Crimson Snow by Martin Edwards

Crimson Snow by Martin Edwards

Author:Martin Edwards [Edwards, Martin]
Language: eng
Format: epub
ISBN: 9781464206757
Publisher: Poisoned Pen Press, Inc.
Published: 2017-01-03T07:00:00+00:00


Murder at Christmas

Christopher Bush

Christopher Bush, whose real name was Charlie Christmas Bush, was born on Christmas Day in Great Hockham, in Norfolk’s Brecklands. He was educated locally and read languages at King’s College, London, before becoming a school teacher. His first crime novel, The Plumley Inheritance, appeared in 1926, but three years passed before the publication of his second, The Perfect Murder Case. This early example of the ‘serial killer whodunit’, written long before the term ‘serial killer’ had been coined, received widespread critical acclaim, and from then on, Bush did not look back. Prolific as a mystery writer, he also produced novels of Breckland life under the name Michael Home.

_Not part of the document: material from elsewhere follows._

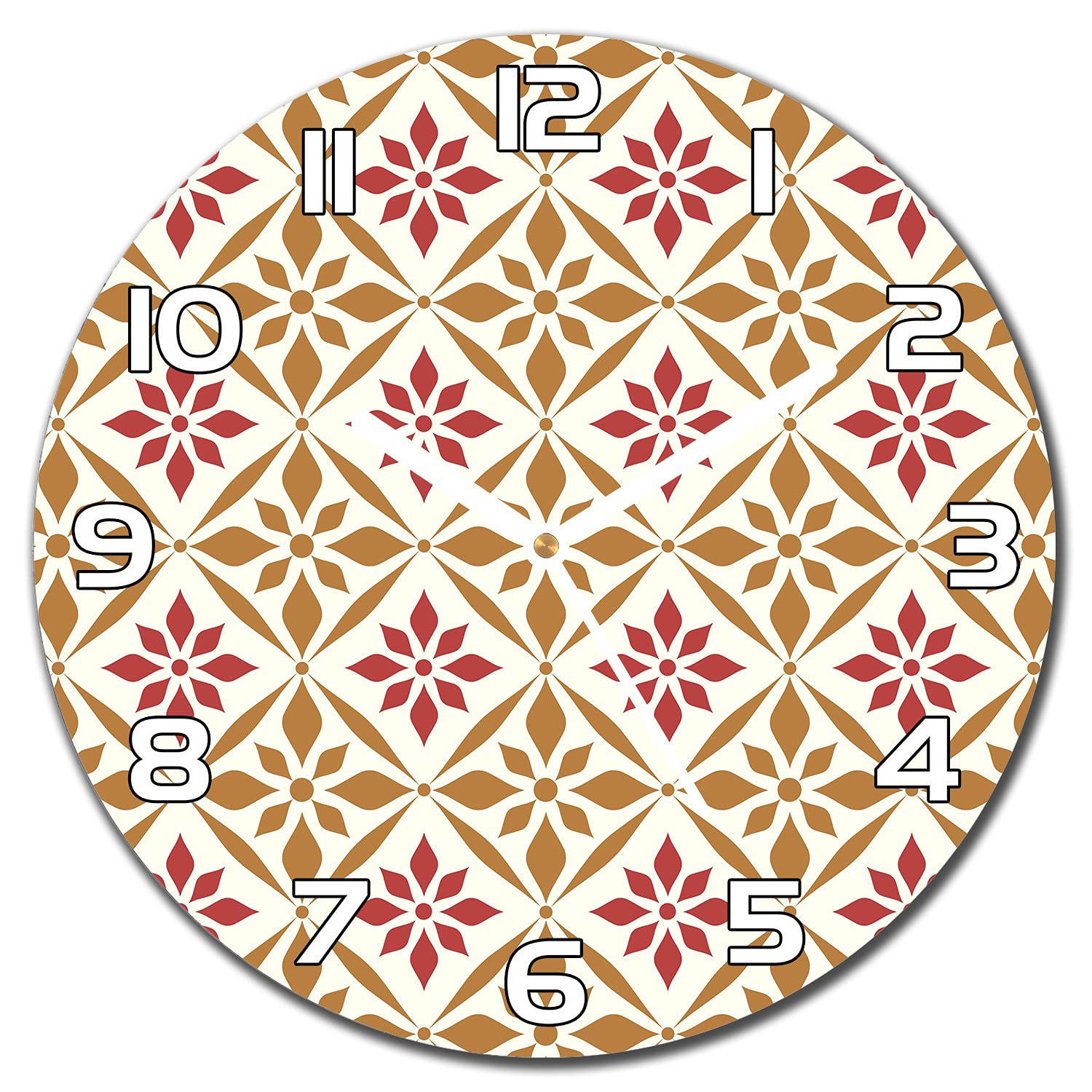 Horloge en verre moderne cuisine salon 30 cm Fleuribrown aiguilles blanches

Bush (1885–1973) continued to write about his detective, Ludovic Travers, until the late 1960s, and over the course of time, Travers evolved as a character, even if he did not age much. In his early days, he was a financial wizard working for an agency called the Durangos Conglomerate, and was presented as ‘a dilettante with economics as a passionate hobby’. Later, he became a more conventional private eye. In this entertaining story, he gives a first-hand account of a Yuletide puzzle.

***

I drove to Worbury on the afternoon before Christmas Eve. My wife had been called away to help nurse an aged and ailing aunt, and so I rang Bob Valence and asked if his invitation was still on for, say, the Christmas week-end. He wanted me to make it a week.

Worbury—which isn’t its real name—is a town of some 2,000 people, and Robert Valence is its Chief Constable. He and I have run up against each other a lot professionally, since I’m at odd moments what the Yard chooses to call an unofficial expert, and he seems to think he’s in my debt. In any case. I like him. He knows his job but makes no boasts, and he’s genuine all through.

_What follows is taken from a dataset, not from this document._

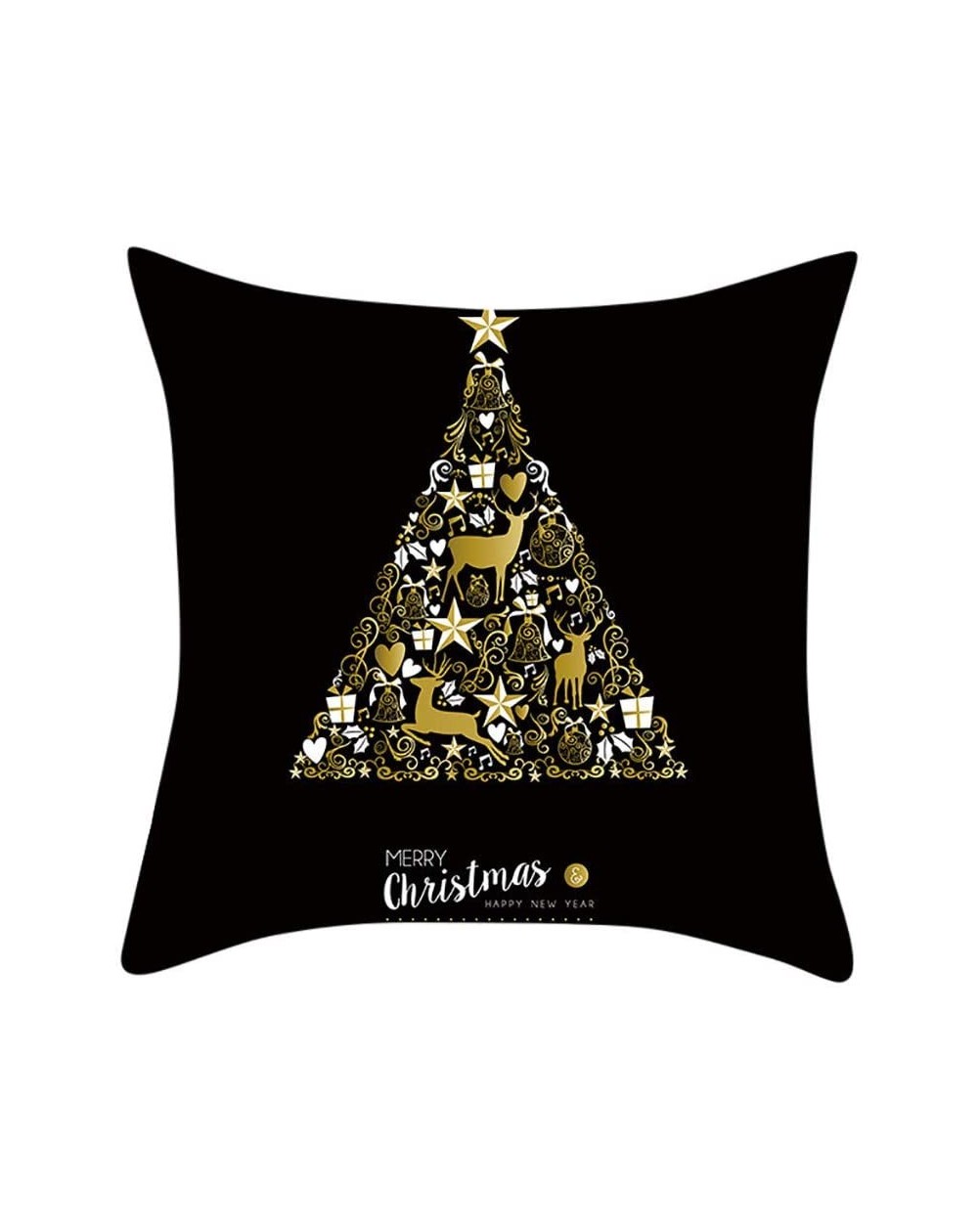 Swags Christmas Decor Christmas Golden Elk Gift Print Peach Suede Pillowcase Sofa Cushion Cover- Christmas Ornaments Advent C...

I was looking forward to that holiday. There’s more futility than festivity alone in a London flat for Christmas, and, as I said, I liked Valence. He’s a bachelor, by the way, and has a very nice service flat within a few hundred yards of his headquarters.

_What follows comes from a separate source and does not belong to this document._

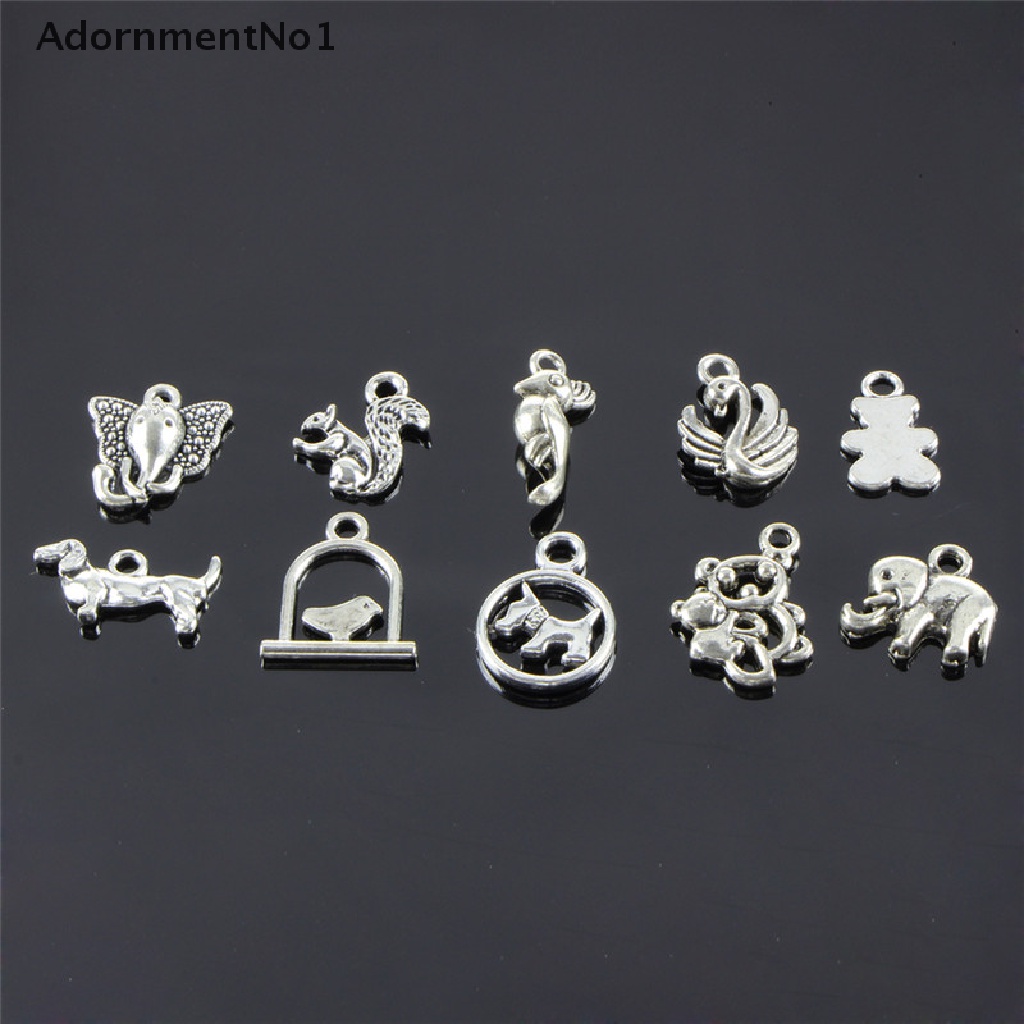 (AdornmentNo1) 100pcs / Lot Liontin Retro Bentuk Hewan Campur Warna Silver Untuk Perhiasan DIY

I’d been told to bring my golf clubs. We should have played on the morning of Christmas Eve, but there’d been a burglary in Marshwell, a village nearby, and Valence was called there well before we were thinking of starting for golf. But to get to Marshwell one goes through Rendham, which is two miles from Worbury, and the golf-course is there. So our golf bags went in the car and the new plans were for an early lunch at the clubhouse and a quick getaway after it, and with the certainty of a comfortable finish before dusk and a possible fog. December was commonly open that year, and when you get sun in the day you’re almost bound to get fog at night.

That robbery at Marshwell Hall took up more of Valence’s time than we’d thought and it was getting on for one o’clock when we left.